Lobstermen cut the engines, parked their boats in the bay, and stood idly on the dock, not as rivals patrolling the same waters but as a unified force.
“We’d much rather be out on the water fishing than standing here,” said Farrell Beal, a lobsterman from Jonesport. “But we’re getting to where we don’t have a choice.”
In all, an estimated 350 lobstermen from Cutler to Stonington refused to haul traps Monday in an effort to raise awareness for what they believe is an unfair price margin that is threatening their livelihood.
“We hate to use this word ‘protest,’ but our overhead is killing us,” lobsterman Colby Young Sr. said Monday from the main dock in Corea. “The price of gas and bait and other supplies has gone up, but we’re still getting 1960s prices.”
The boat price for lobsters has dropped as low as $3.50 a pound, which Young said is way out of touch with current supply and market demand. In 2005, the boat price peaked at $4.62, but last year’s price per pound fell back to $4.09.
While lobstermen are getting only $3.50 a pound for their catch this year, dealers are selling the crustaceans for $10 or more per pound, Young said, and he wants to know who’s getting that money.
“Somewhere in between, there is some gouging going on,” he said, admitting that he has no idea who sets the prices.
A handful of local dealers reached by telephone Monday declined to comment on the protests, but one said prices often are dictated by competition from Canada.
Another dealer, Reid McLaughlin of McLaughlin Seafood in Bangor, said that in the past couple of years, he has charged customers $4 to $6 a pound, and this summer he is charging about $6.49 a pound.

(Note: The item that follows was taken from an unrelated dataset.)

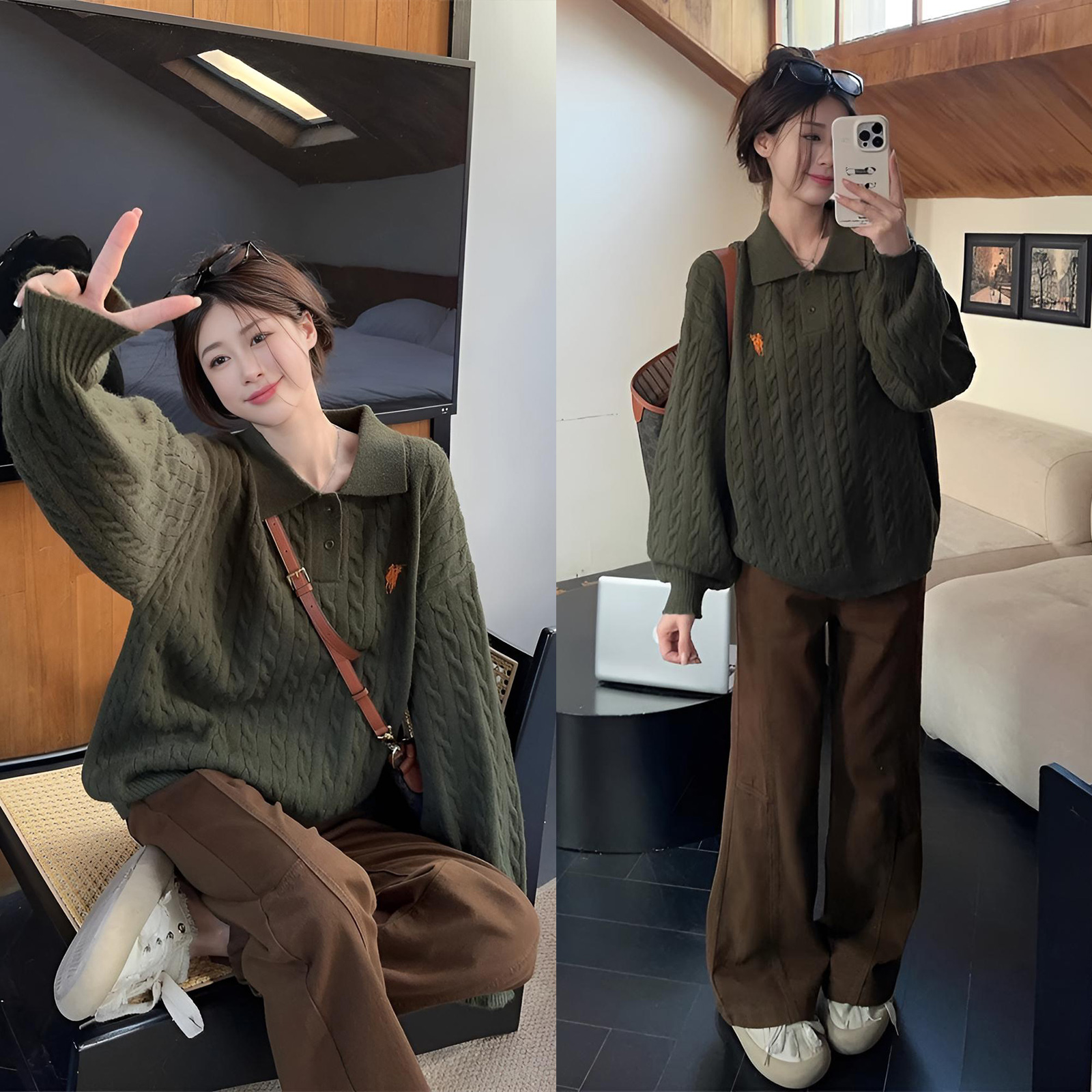 韩系软糯麻花毛衣高腰牛仔裤套装女春秋新款针织衫阔腿裤子两件套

He said that in 2005 he was charging $4.49 a pound for softshell lobsters smaller than 11/2 pounds, and $5.99 a pound for lobsters 11/2 pounds or larger.
“I think [prices] are right where they should be,” McLaughlin said.

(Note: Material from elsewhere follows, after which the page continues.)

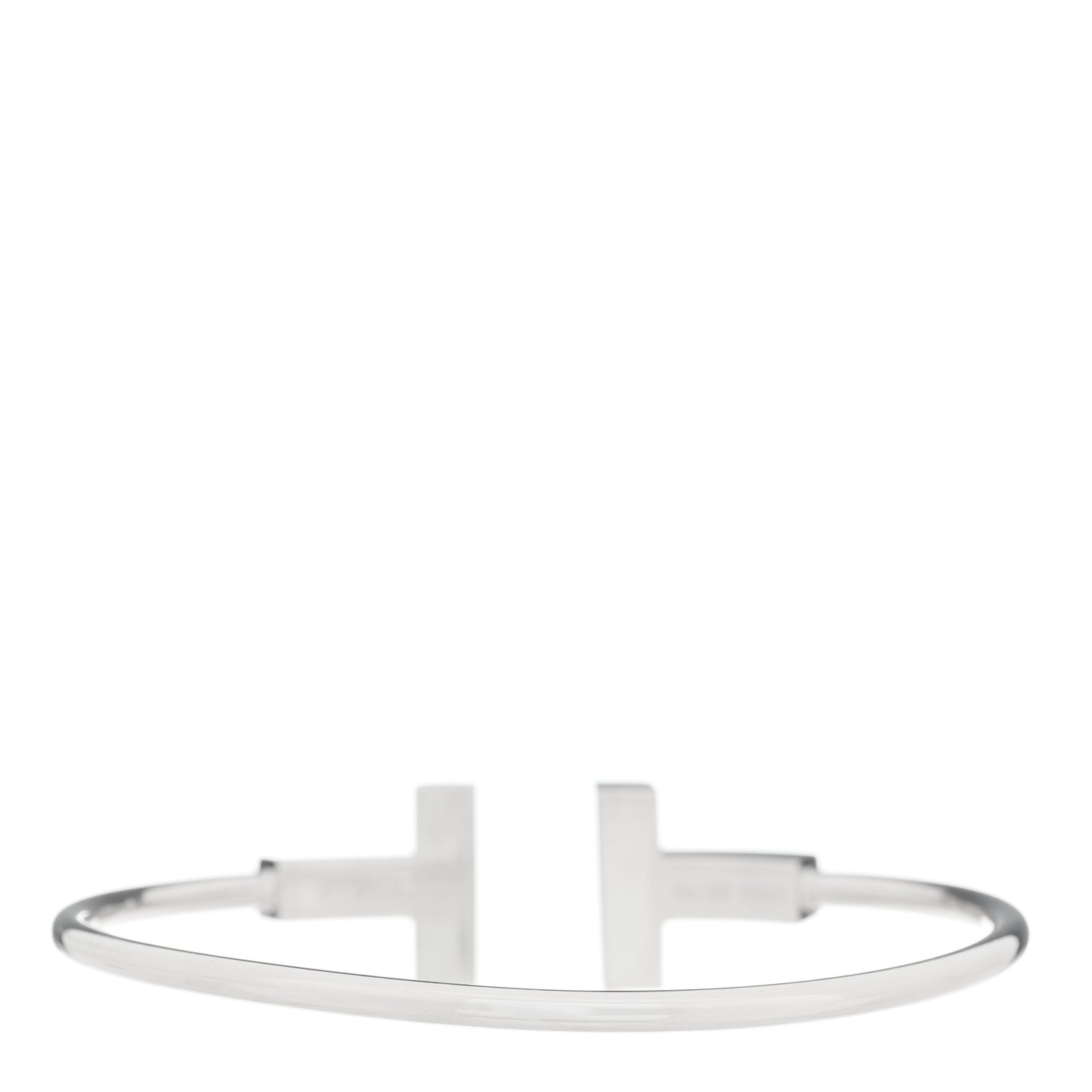 18K White Gold T Wide Wire Bracelet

A Bangor Daily News article from August 2005 stated that consumers statewide generally were paying about $6 a pound or more for the smaller soft-shell lobsters and $8 a pound and up for hard-shell lobsters.

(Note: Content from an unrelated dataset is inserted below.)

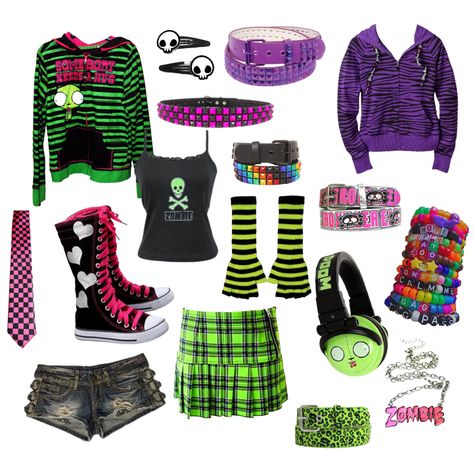 Scene kid gir leopard print alternative green pink purple Purple Scene Outfits, Scene Fits, Scene Clothes, Scene Clothing, Alt Fits, Emo Fits, Emo Clothes, Scene Style, Scene Core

Dana Tracy, who fishes out of Corea Harbor, said Monday that if the current trend continues it could seriously threaten a multimillion-dollar industry that is deeply rooted in Maine’s heritage.
“We’re not asking for both ends and the middle, just a little more on our end,” he said. “This industry could be destroyed. We have enough opposition without dealing with price issues.”
Maine is the nation’s largest supplier of lobsters. In 2006 alone, lobstermen caught 66 million pounds.
But while the state’s lobstermen are putting in the long hours to pull the crustaceans from the Atlantic Ocean, they said they have little control over anything else once the traps are pulled.
“The only choice you have is to go to work or stay home,” Young said. “Everything else is decided for you.”
The main dock in Corea, a village in the town of Gouldsboro, was filled with chatter Monday morning as lobstermen sat on empty traps. Some still wore their rubber boots. Some drank beer.
Aside from lobstermen in and around the Schoodic Peninsula, boats came to Corea from Milbridge, Addison and Jonesport.
“To see this many people come together is something right there,” said Chris Chipman, who came down from Milbridge.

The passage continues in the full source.